=== Section Start ===
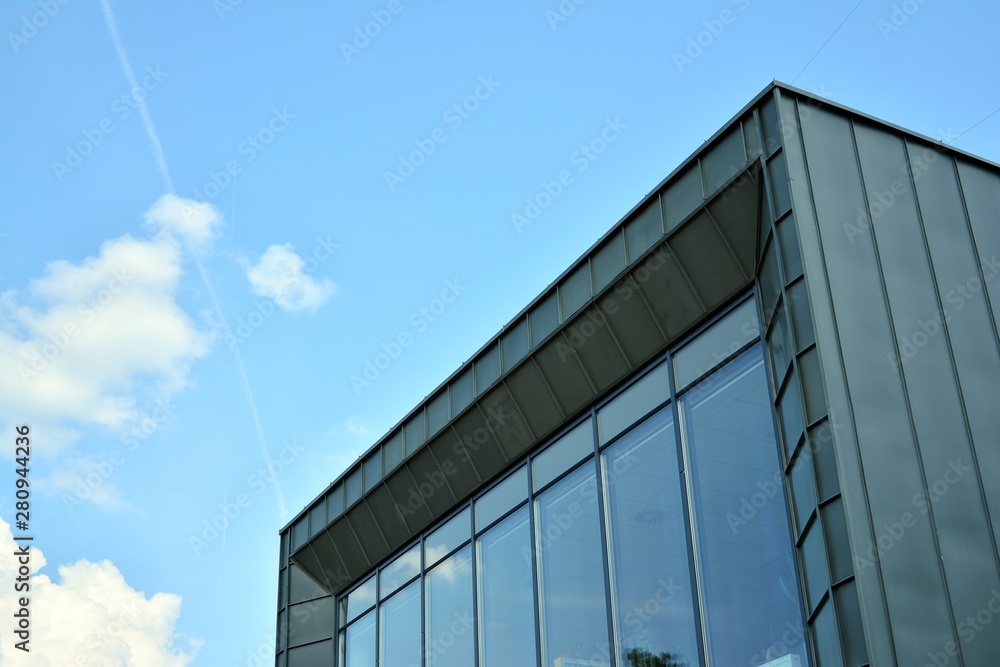 modern building with blue sky and clouds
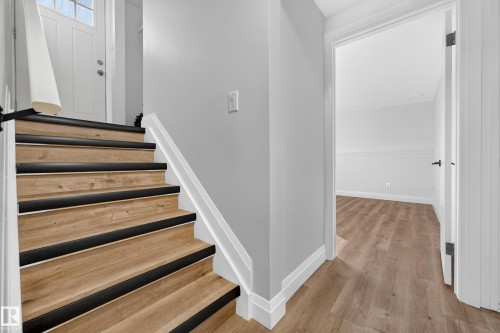Wood-finish staircase with black treads and white risers, complementing light wood-finish flooring - 2412 80 Street Nw, Edmonton, AB 
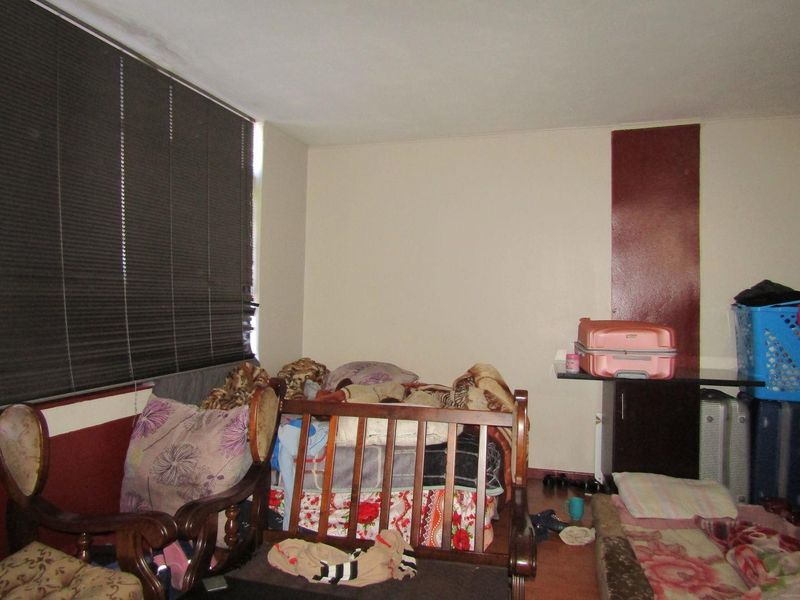A bedroom featuring dark venetian blinds and a built-in shelving unit, requiring cosmetic updates to improve the overall condition and appeal.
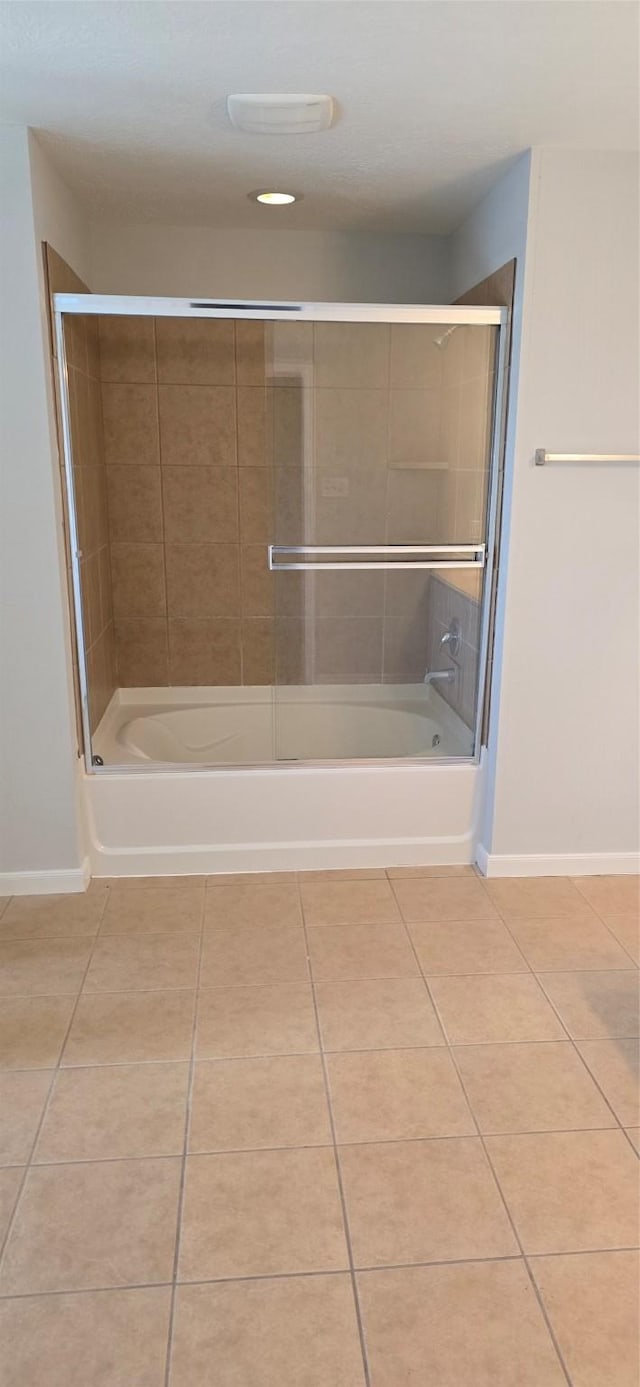 full bathroom featuring tile patterned floors, baseboards, and shower / bath combination with glass door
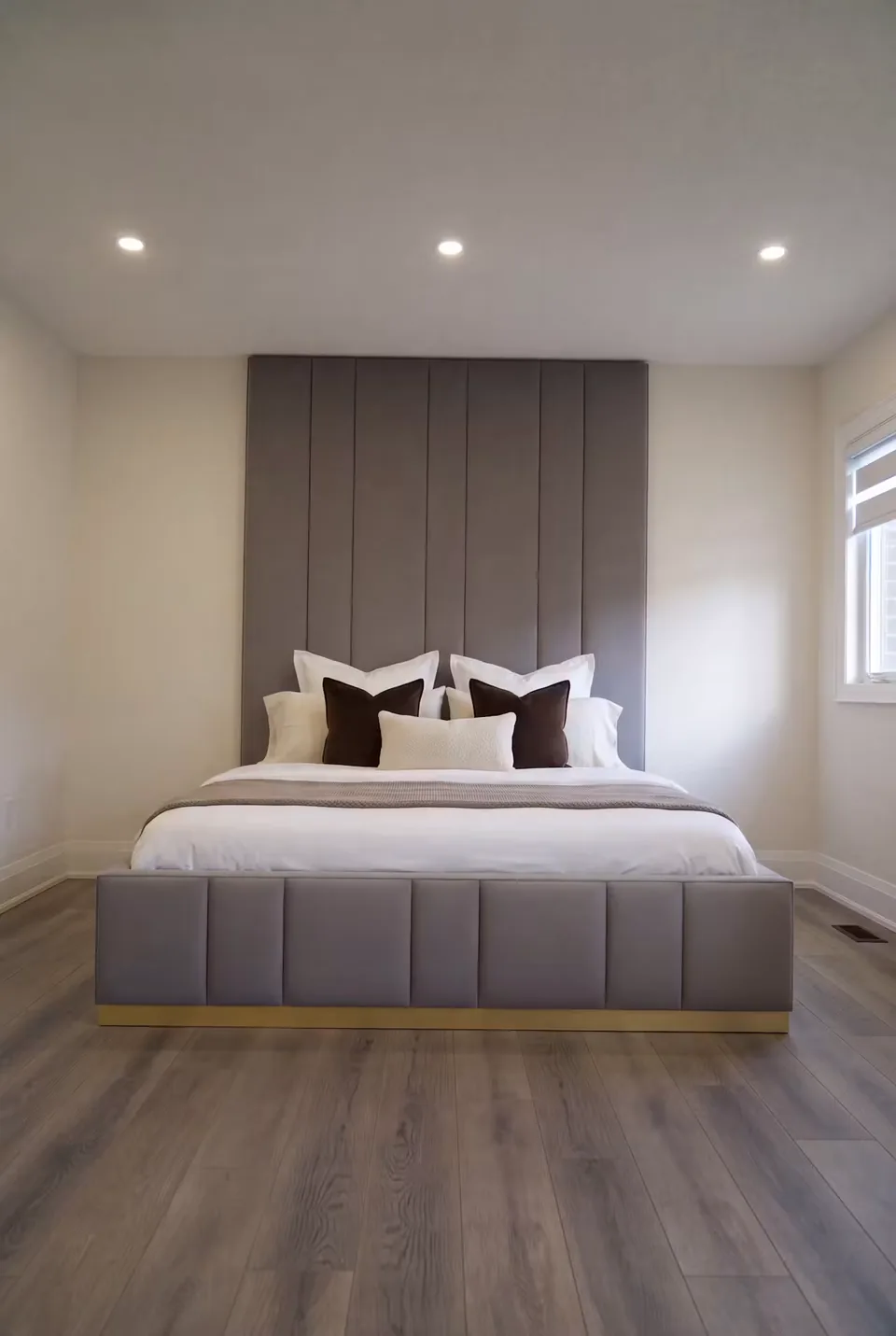 Full front view of the grey upholstered bed and tall vertically divided headboard.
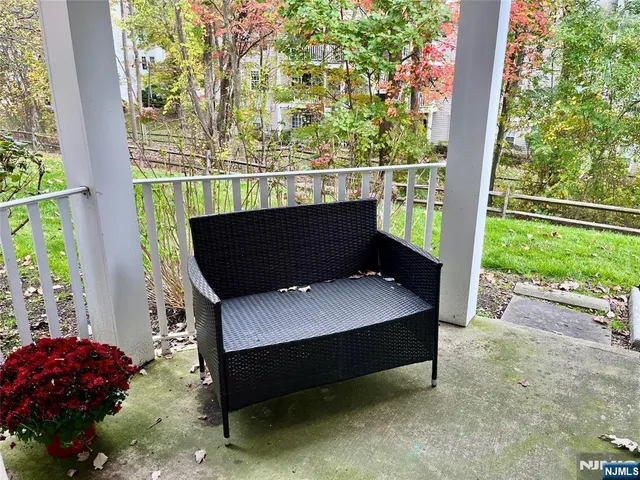 a wooden bench sitting in front of a building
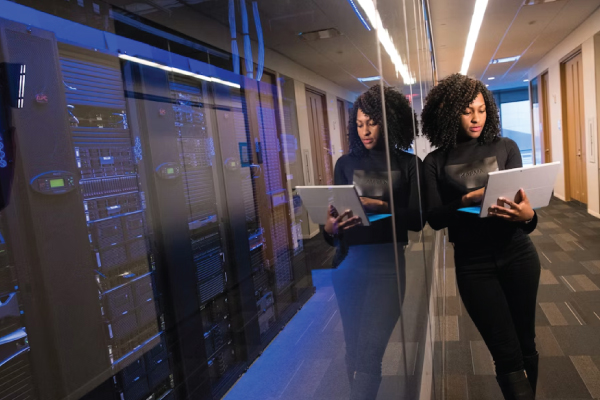 Woman by server farm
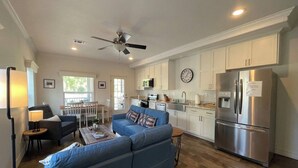Una cocina moderna con armarios blancos, un refrigerador de acero inoxidable y un área de comedor con sofá azul y una mesa.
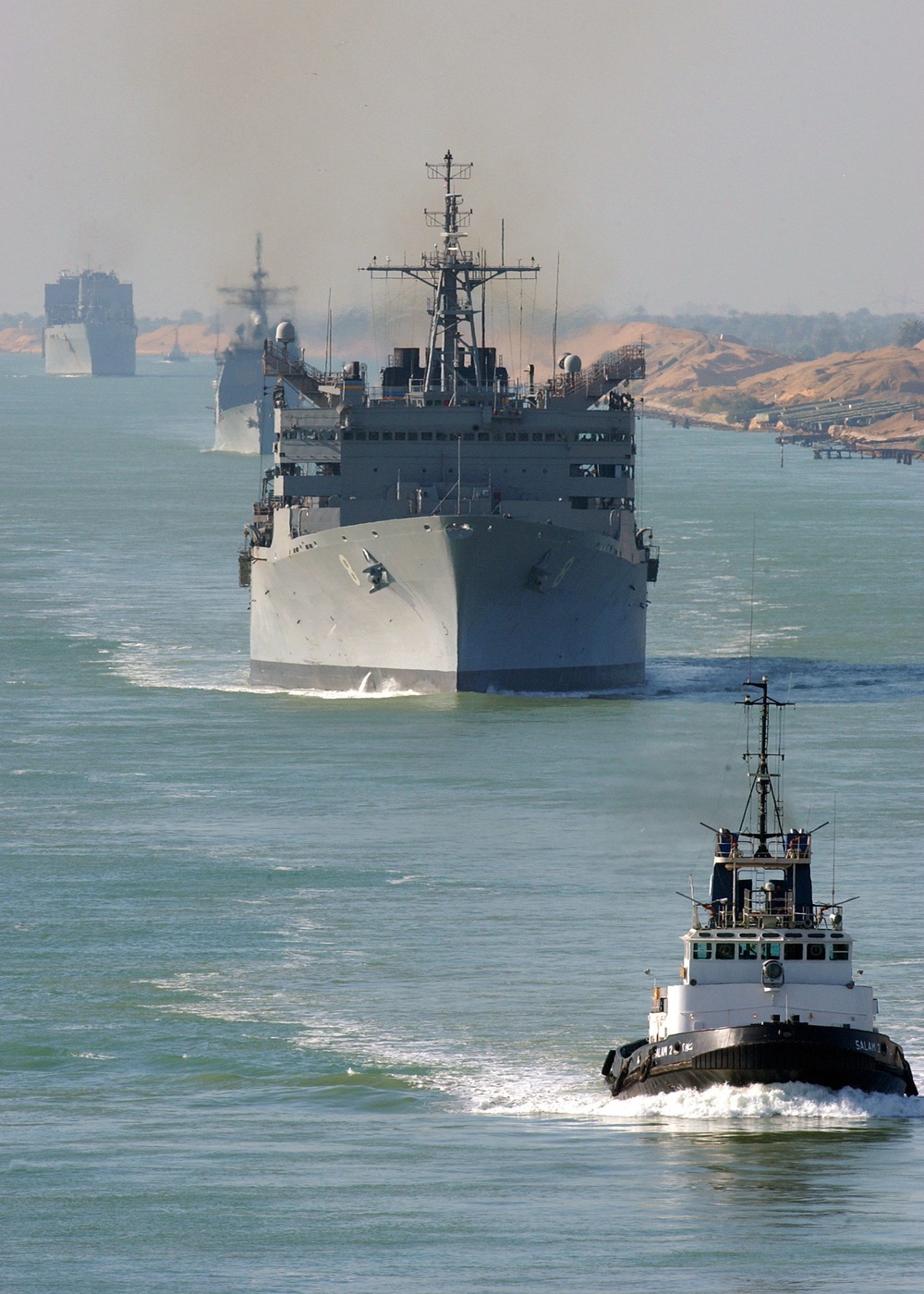 An Egyptian tugboat leads the fast combat support ship USNS Arctic (T-AOE 8).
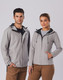 A grey men's waterproof performance jacket with a hood, featuring a logo, displayed on a male and female model.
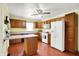 Functional kitchen with oak cabinets, white appliances, and wood-look flooring at 101 Heiny Rd, Indianapolis, IN 46217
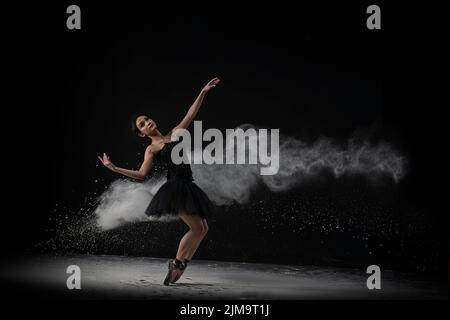 An emotional Southeast Asian ballet dancer in a black dress with powder performing a move on a black background Stock Photo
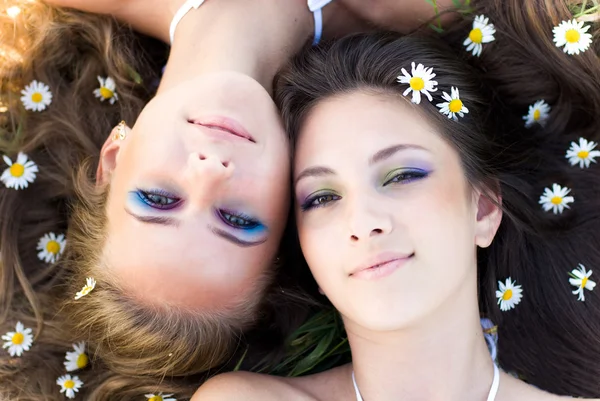 Two beautiful women lying head to head with camomile flowers in — Stock Photo, Image
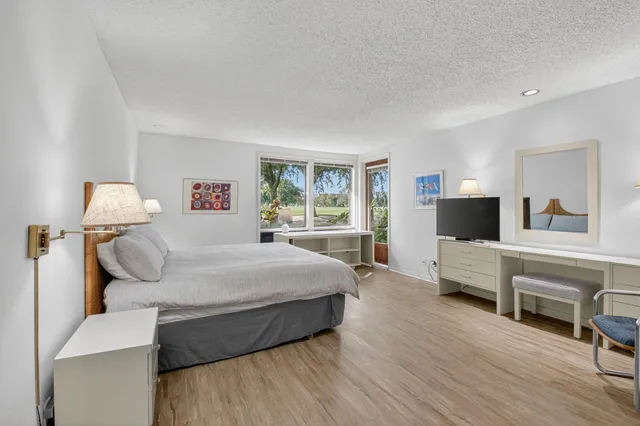 a view of a room that has a bed and a window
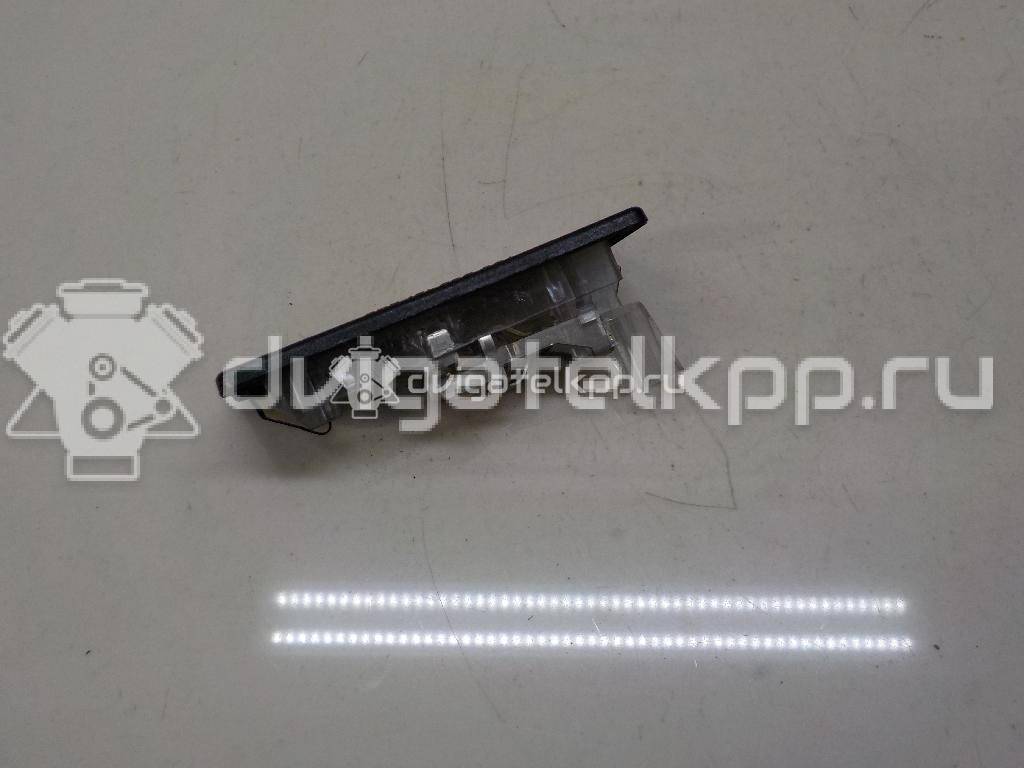 Фото Фонарь подсветки номера  5N0943021 для Seat Ibiza / Alhambra {forloop.counter}}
=== Section End ===
- WHAT THE TASK REQUIRES
Would you give again, exactly, the lines in the data above that run from the line containing "Full front view" to the line containing "Una cocina moderna"? Include both ends and no pictures.

- SOLUTION TO THE PROBLEM
 Full front view of the grey upholstered bed and tall vertically divided headboard.
 a wooden bench sitting in front of a building
 Woman by server farm
Una cocina moderna con armarios blancos, un refrigerador de acero inoxidable y un área de comedor con sofá azul y una mesa.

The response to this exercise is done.